Nós, amantes do automobilismo teríamos incontáveis motivos para assistir in loco às 6 horas de São Paulo. Mas para um esporte que vem sucumbindo à má administração, pouca divulgação e falta de ídolos, essa etapa do Mundial de Endurance – FIA WEC – ganha importância inestimável e se bem aproveitada em termos de divulgação, pode servir como uma boa plataforma para aumentar o número de fãs do esporte.
O que existe no Brasil é uma grande quantidade de pessoas que se diz fã de esporte a motor, mas que na verdade só assistia às corridas de Fórmula 1 na época do Senna, e após a sua morte acompanha eventualmente as corridas dominicais. Uma quantia menor de pessoas continua assistindo às corridas de Fórmula 1, porém se perguntados a respeito de outras categorias do esporte a motor, possivelmente não terão muito a falar.
Se houver uma movimentação por parte da organização das 6 horas de SP para uma boa divulgação que consiga atrair essas pessoas a Interlagos, envolvê-las, fazê-las conhecer a essência das corridas de Endurance acredito que seria um ganho enorme em interesse e quantidade de pessoas que realmente gostem do esporte.
Acredito que o Endurance tem tudo o que a Fórmula 1 oferece para atrair público, e mais um pouco: tecnologia de ponta, carros incríveis, grandes pilotos, grandes disputas na pista, grandes marcas automobilísticas, e por último, mas não menos importante: a Velocidade, afinal os Protótipos P1 passam facilmente dos 300km/h antes da freada para o S do Senna. E ainda há uma vantagem: ao invés de corridas de no máximo 2 horas, temos 6 horas de corrida! (não brinca!!!)

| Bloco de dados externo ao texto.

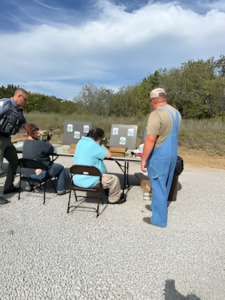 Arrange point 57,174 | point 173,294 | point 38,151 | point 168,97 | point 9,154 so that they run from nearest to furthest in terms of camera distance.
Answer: point 173,294
point 38,151
point 9,154
point 57,174
point 168,97

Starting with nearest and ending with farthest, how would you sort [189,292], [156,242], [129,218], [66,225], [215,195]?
1. [189,292]
2. [156,242]
3. [66,225]
4. [129,218]
5. [215,195]

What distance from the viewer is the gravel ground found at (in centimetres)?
210

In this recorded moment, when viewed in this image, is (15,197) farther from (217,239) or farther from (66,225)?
(217,239)

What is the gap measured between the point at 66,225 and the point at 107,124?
10.4m

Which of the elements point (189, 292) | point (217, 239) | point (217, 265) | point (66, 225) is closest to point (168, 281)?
point (189, 292)

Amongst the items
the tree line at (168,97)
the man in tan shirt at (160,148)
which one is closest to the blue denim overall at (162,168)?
the man in tan shirt at (160,148)

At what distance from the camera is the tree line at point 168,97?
15.6 m

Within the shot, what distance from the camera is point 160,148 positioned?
9.95 ft

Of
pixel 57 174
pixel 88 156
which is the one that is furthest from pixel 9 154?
pixel 88 156

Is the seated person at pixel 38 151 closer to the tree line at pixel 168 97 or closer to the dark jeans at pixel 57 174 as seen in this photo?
the dark jeans at pixel 57 174

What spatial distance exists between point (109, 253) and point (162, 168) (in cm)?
120

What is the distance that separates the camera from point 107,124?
527 inches

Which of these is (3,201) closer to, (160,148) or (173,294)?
(160,148)

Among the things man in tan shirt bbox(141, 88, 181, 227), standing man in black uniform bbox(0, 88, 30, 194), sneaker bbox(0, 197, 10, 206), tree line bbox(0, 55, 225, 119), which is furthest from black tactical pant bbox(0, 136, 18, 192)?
tree line bbox(0, 55, 225, 119) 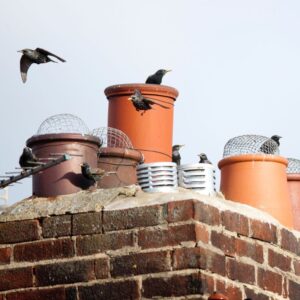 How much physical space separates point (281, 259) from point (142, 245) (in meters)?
0.87

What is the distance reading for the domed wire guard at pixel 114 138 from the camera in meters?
6.68

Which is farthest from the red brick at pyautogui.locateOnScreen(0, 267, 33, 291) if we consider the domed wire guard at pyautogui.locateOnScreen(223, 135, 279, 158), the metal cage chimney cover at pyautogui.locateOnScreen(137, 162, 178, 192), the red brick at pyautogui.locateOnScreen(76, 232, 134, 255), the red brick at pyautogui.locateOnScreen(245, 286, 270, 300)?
the domed wire guard at pyautogui.locateOnScreen(223, 135, 279, 158)

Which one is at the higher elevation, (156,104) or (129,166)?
(156,104)

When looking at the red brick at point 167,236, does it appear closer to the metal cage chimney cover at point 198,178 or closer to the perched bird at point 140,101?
the metal cage chimney cover at point 198,178

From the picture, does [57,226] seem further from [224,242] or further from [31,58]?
[31,58]

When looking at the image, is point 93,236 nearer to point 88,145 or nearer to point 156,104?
point 88,145

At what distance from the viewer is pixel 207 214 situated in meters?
4.79

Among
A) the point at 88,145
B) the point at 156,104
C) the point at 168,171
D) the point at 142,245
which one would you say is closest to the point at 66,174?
the point at 88,145

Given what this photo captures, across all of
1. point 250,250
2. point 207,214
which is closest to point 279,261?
point 250,250

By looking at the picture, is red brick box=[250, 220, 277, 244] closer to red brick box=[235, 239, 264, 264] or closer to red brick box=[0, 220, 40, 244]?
red brick box=[235, 239, 264, 264]

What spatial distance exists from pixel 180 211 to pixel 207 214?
0.12 m

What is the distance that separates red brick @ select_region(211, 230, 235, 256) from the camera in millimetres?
4789

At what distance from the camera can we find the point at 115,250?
484 cm

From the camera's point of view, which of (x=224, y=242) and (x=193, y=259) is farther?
(x=224, y=242)
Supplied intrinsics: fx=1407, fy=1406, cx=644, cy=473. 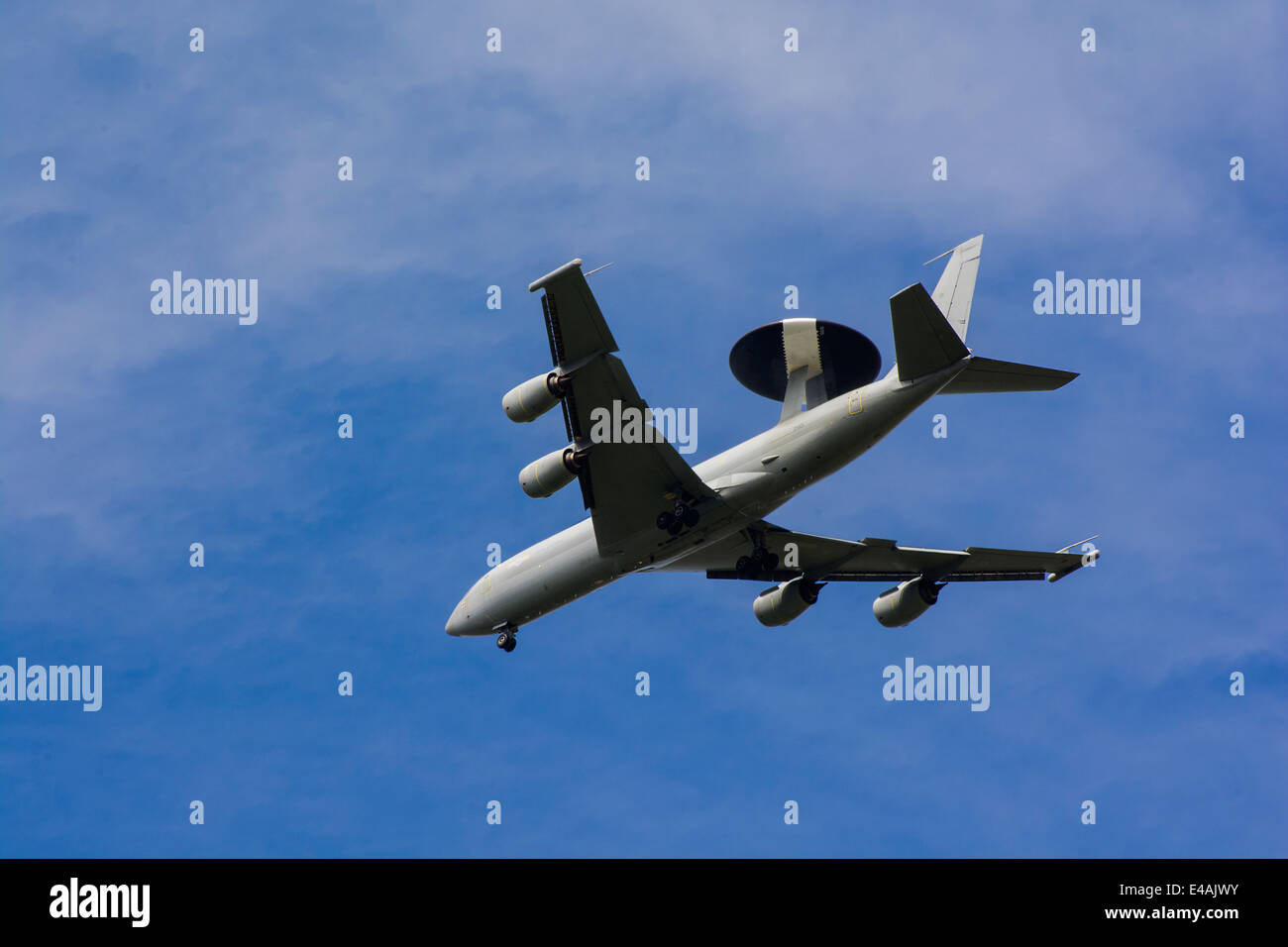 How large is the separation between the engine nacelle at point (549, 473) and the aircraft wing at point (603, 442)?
0.33 meters

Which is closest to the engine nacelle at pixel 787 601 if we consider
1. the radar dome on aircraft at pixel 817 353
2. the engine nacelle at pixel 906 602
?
the engine nacelle at pixel 906 602

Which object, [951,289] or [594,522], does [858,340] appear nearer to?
[951,289]

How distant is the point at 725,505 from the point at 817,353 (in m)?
4.58

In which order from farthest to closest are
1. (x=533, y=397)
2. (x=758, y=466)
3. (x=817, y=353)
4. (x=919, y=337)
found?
(x=817, y=353)
(x=758, y=466)
(x=533, y=397)
(x=919, y=337)

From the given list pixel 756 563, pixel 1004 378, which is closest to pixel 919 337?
pixel 1004 378

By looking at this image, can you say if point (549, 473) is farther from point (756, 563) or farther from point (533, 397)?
point (756, 563)

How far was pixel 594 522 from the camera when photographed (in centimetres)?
3694

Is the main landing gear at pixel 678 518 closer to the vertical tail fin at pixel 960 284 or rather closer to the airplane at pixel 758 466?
the airplane at pixel 758 466

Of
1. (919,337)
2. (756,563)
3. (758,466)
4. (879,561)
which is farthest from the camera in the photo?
(879,561)

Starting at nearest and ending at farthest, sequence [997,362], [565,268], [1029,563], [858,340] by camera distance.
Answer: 1. [565,268]
2. [997,362]
3. [858,340]
4. [1029,563]

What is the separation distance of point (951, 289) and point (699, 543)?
9282mm

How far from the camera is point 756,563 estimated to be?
1613 inches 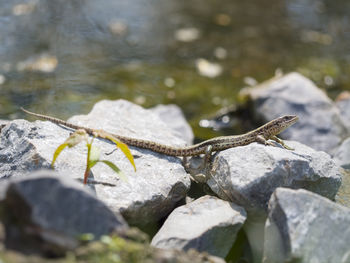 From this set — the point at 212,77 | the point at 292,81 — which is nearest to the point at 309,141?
the point at 292,81

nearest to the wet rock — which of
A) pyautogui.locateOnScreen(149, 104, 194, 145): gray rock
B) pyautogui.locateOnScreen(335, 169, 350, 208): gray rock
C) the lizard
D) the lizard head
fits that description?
the lizard

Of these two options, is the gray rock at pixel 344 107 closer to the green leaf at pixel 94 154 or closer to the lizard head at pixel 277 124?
the lizard head at pixel 277 124

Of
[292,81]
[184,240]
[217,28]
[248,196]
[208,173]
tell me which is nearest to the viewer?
[184,240]

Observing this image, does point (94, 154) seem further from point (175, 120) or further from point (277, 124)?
point (175, 120)

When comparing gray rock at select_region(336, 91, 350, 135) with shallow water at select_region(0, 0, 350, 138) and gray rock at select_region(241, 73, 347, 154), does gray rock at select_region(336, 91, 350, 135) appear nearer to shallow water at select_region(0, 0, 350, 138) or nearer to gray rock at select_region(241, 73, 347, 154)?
gray rock at select_region(241, 73, 347, 154)

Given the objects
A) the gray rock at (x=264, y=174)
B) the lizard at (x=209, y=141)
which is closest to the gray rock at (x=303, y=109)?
the lizard at (x=209, y=141)

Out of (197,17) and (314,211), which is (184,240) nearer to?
(314,211) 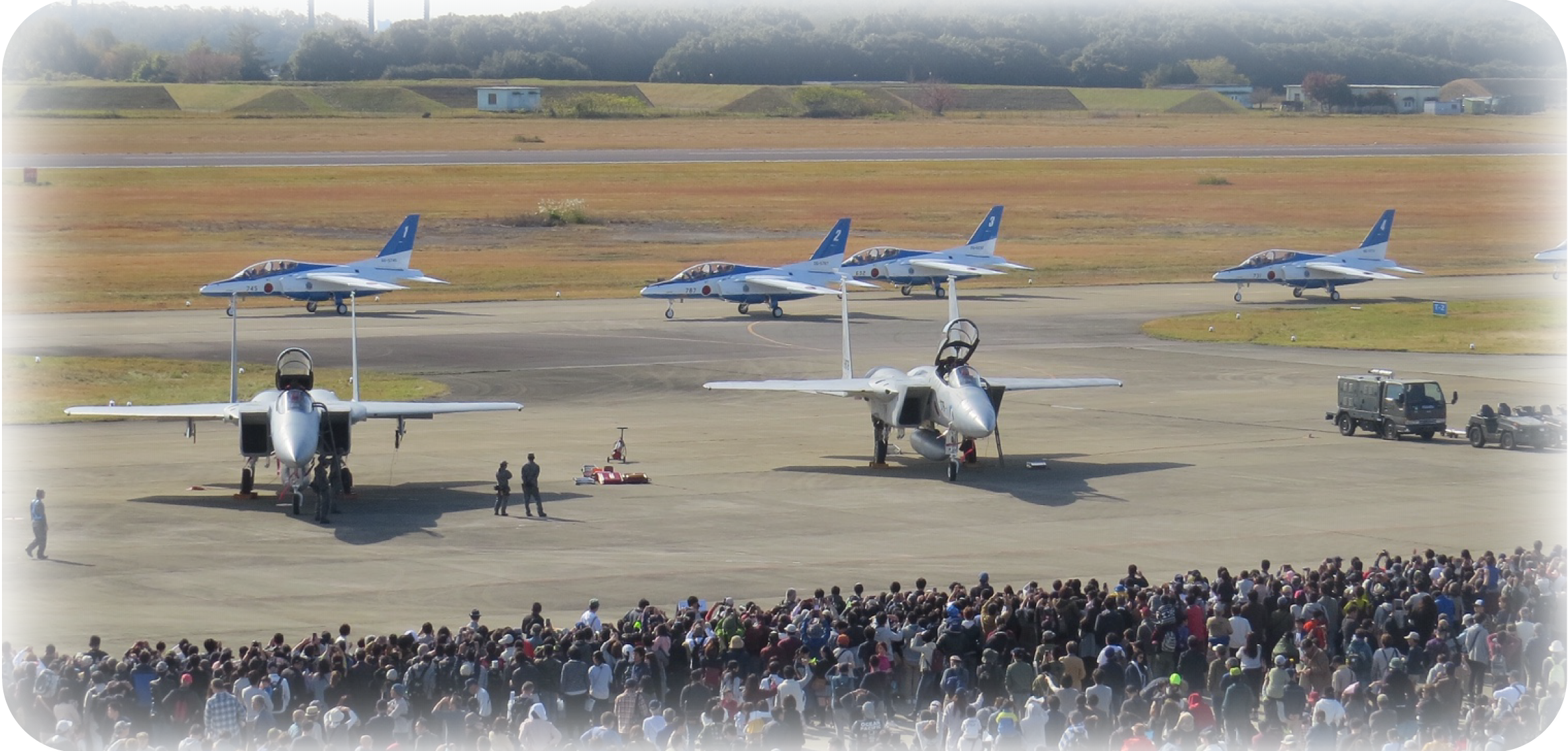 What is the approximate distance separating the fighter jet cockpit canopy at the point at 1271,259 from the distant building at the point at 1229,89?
102m

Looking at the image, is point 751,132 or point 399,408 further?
point 751,132

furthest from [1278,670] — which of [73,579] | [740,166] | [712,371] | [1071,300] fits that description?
[740,166]

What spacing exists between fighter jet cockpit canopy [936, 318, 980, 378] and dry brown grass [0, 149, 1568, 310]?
45.1m

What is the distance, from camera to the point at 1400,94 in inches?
7441

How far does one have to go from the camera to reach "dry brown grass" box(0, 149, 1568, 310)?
3649 inches

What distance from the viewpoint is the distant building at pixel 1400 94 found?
186625 mm

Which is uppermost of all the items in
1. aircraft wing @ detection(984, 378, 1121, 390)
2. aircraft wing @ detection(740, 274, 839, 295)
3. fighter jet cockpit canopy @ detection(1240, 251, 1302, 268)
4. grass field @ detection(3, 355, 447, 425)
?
fighter jet cockpit canopy @ detection(1240, 251, 1302, 268)

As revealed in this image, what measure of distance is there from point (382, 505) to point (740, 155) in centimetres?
11658

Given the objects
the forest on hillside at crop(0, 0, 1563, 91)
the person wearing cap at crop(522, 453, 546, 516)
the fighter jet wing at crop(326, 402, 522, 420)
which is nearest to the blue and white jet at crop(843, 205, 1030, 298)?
the forest on hillside at crop(0, 0, 1563, 91)

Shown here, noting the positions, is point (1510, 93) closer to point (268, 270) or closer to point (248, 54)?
point (248, 54)

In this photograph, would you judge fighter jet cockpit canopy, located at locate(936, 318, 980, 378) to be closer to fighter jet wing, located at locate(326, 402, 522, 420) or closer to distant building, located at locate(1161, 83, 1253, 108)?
fighter jet wing, located at locate(326, 402, 522, 420)

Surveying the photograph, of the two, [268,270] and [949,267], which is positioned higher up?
[949,267]

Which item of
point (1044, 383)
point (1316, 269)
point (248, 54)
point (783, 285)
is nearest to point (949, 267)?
point (783, 285)

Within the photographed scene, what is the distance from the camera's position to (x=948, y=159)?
486ft
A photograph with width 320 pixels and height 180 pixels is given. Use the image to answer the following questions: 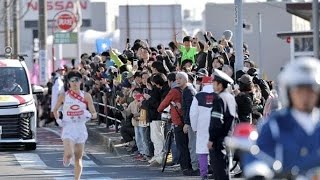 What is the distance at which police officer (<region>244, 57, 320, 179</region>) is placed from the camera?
672cm

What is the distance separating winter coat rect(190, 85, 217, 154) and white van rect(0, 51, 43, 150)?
7.75 metres

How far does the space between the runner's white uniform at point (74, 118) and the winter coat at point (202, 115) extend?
164 centimetres

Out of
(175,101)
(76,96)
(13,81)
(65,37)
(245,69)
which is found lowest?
(175,101)

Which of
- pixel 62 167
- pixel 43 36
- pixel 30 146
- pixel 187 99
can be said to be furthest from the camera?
pixel 43 36

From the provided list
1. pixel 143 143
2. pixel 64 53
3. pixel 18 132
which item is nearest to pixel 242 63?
pixel 143 143

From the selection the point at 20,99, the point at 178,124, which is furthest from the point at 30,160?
the point at 178,124

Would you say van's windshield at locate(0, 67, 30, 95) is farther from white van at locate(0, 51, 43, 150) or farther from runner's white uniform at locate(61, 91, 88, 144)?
runner's white uniform at locate(61, 91, 88, 144)

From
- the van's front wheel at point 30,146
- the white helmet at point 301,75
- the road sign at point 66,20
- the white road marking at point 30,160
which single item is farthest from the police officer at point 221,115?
the road sign at point 66,20

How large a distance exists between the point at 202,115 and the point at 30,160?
21.4 feet

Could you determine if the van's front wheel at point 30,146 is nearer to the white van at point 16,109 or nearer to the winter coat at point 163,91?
the white van at point 16,109

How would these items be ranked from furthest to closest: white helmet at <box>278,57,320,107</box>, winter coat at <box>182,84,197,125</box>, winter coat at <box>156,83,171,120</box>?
winter coat at <box>156,83,171,120</box> < winter coat at <box>182,84,197,125</box> < white helmet at <box>278,57,320,107</box>

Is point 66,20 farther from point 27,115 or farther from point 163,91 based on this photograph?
point 163,91

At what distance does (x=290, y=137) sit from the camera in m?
6.85

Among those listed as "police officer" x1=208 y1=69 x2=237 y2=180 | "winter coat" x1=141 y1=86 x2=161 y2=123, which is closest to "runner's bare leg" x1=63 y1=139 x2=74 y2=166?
"police officer" x1=208 y1=69 x2=237 y2=180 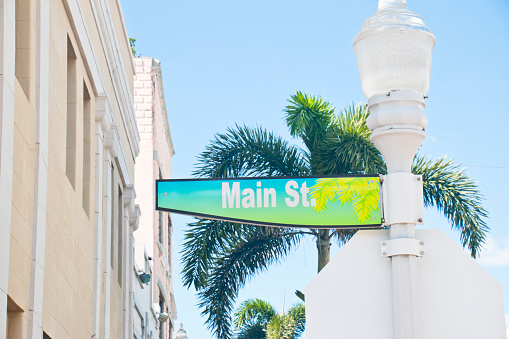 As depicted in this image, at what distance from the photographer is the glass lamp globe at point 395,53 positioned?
14.7 ft

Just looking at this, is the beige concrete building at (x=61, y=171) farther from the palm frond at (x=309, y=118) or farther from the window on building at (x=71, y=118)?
the palm frond at (x=309, y=118)

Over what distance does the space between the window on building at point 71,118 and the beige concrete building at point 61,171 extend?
0.01 meters

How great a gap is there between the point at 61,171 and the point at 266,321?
23881 millimetres

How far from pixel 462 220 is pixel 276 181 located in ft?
43.1

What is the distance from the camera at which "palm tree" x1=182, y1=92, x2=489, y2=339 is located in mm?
17422

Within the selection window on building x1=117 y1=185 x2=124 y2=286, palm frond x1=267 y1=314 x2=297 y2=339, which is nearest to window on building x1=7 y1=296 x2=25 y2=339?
window on building x1=117 y1=185 x2=124 y2=286

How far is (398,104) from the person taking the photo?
4.41m

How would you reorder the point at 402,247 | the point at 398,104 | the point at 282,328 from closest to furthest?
the point at 402,247 → the point at 398,104 → the point at 282,328

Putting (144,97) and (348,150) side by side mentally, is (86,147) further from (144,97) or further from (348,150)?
(144,97)

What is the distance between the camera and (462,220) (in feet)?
56.5

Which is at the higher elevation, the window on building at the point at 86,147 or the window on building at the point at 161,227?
the window on building at the point at 161,227

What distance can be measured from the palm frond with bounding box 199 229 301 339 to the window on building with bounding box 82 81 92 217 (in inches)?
228

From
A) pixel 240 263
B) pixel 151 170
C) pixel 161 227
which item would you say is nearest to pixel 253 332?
pixel 161 227

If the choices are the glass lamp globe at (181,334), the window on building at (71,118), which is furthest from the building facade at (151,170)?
the window on building at (71,118) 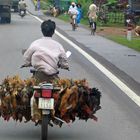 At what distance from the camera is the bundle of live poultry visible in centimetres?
804

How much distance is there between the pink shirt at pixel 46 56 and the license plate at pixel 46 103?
2.38 feet

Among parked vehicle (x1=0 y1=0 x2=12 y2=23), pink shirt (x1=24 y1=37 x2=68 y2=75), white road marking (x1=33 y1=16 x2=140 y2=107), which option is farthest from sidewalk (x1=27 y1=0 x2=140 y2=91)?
parked vehicle (x1=0 y1=0 x2=12 y2=23)

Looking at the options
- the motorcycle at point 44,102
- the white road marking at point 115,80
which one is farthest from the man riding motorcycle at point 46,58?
the white road marking at point 115,80

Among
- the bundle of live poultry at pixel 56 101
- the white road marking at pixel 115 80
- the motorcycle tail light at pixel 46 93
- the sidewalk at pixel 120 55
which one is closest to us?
the motorcycle tail light at pixel 46 93

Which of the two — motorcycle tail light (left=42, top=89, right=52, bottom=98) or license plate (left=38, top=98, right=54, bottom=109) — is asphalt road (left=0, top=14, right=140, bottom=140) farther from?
motorcycle tail light (left=42, top=89, right=52, bottom=98)

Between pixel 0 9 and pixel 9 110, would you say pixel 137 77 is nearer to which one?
pixel 9 110

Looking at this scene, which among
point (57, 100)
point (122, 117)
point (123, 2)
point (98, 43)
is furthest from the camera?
point (123, 2)

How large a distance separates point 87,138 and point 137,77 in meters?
6.14

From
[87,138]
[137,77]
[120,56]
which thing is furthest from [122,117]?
[120,56]

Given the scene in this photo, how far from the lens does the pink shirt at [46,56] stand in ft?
27.8

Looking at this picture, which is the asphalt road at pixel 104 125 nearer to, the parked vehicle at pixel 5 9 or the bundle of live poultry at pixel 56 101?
the bundle of live poultry at pixel 56 101

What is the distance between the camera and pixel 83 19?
177 feet

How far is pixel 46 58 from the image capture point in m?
8.48

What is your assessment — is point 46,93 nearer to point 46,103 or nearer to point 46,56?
point 46,103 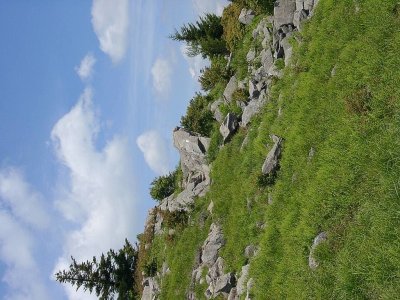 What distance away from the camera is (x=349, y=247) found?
12.0m

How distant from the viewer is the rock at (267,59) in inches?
976

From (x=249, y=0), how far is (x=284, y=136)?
14079 millimetres

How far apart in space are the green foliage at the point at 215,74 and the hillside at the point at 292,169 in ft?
0.59

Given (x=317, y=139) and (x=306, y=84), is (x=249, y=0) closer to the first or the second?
(x=306, y=84)

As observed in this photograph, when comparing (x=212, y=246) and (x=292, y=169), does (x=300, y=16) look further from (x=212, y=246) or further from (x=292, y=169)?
(x=212, y=246)

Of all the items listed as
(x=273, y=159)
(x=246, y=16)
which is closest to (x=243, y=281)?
(x=273, y=159)

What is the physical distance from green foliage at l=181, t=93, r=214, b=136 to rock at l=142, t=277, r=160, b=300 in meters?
10.3

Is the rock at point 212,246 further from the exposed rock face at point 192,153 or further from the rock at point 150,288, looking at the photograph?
the rock at point 150,288

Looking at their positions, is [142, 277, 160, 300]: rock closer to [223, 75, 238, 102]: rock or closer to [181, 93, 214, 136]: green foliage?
[181, 93, 214, 136]: green foliage

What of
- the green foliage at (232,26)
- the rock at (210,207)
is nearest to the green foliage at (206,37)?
the green foliage at (232,26)

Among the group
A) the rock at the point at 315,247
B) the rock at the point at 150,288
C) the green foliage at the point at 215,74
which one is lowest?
the rock at the point at 315,247

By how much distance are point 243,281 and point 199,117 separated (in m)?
14.8

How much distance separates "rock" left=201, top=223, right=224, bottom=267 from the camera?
21000mm

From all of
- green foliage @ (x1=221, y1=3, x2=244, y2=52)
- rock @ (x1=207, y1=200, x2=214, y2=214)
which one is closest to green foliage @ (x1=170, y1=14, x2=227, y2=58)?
green foliage @ (x1=221, y1=3, x2=244, y2=52)
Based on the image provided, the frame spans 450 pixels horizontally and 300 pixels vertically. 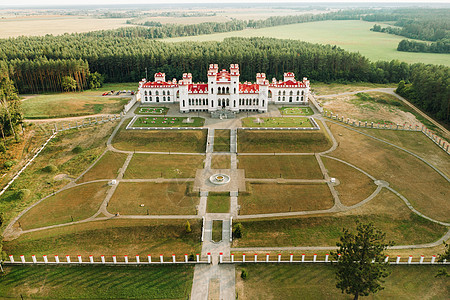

Mas 6 horas? Não é meio chato ficar 6 horas sentado naquelas arquibancadas duras? A organização do evento promete que o fim de semana da corrida será recheado com inúmeras atividades intra e extra pista, como “atrações de lazer e cultura como exposições, shows musicais, parque para crianças e o espaço Village, uma mini cidade que concentrará estas atividades sempre envolvendo o assunto automobilismo no espetáculo”, conforme divulgado.
É uma tendência que segue a filosofia das 24 Horas de Le Mans, em que um parque fica instalado ao lado da pista (com a famosa roda gigante iluminada que proporciona fotos incríveis), além é claro dos shows que acontecem durante o Mais Longo dos Dias. Não há como comparar, mas desde que as atrações sigam e consigam cumprir com seu propósito, não vejo motivos para não ter famílias inteiras, ou pelo menos pais levando seus filhos para um domingo diferente e sem futebol.
O próximo dia 1 de Setembro marcará apenas a segunda edição dessa corrida que foi trazida por ninguém menos que Emerson Fittipaldi, o maior pioneiro do automobilismo brasileiro. Aquele que abriu as portas da Fórmula 1, da Fórmula Indy, e agora, não mais na função de piloto, mas de organizador, tenta abrir os olhos do Brasil para as corridas de Endurance. Torço fortemente que essa nova jornada tenha o maior sucesso e que o FIA WEC tenha vida longa, assim como as 6 horas de São Paulo, pois há uma grande tradição por trás das corridas de longa duração que parece ter-se perdido em nosso país e que precisa ser resgatada.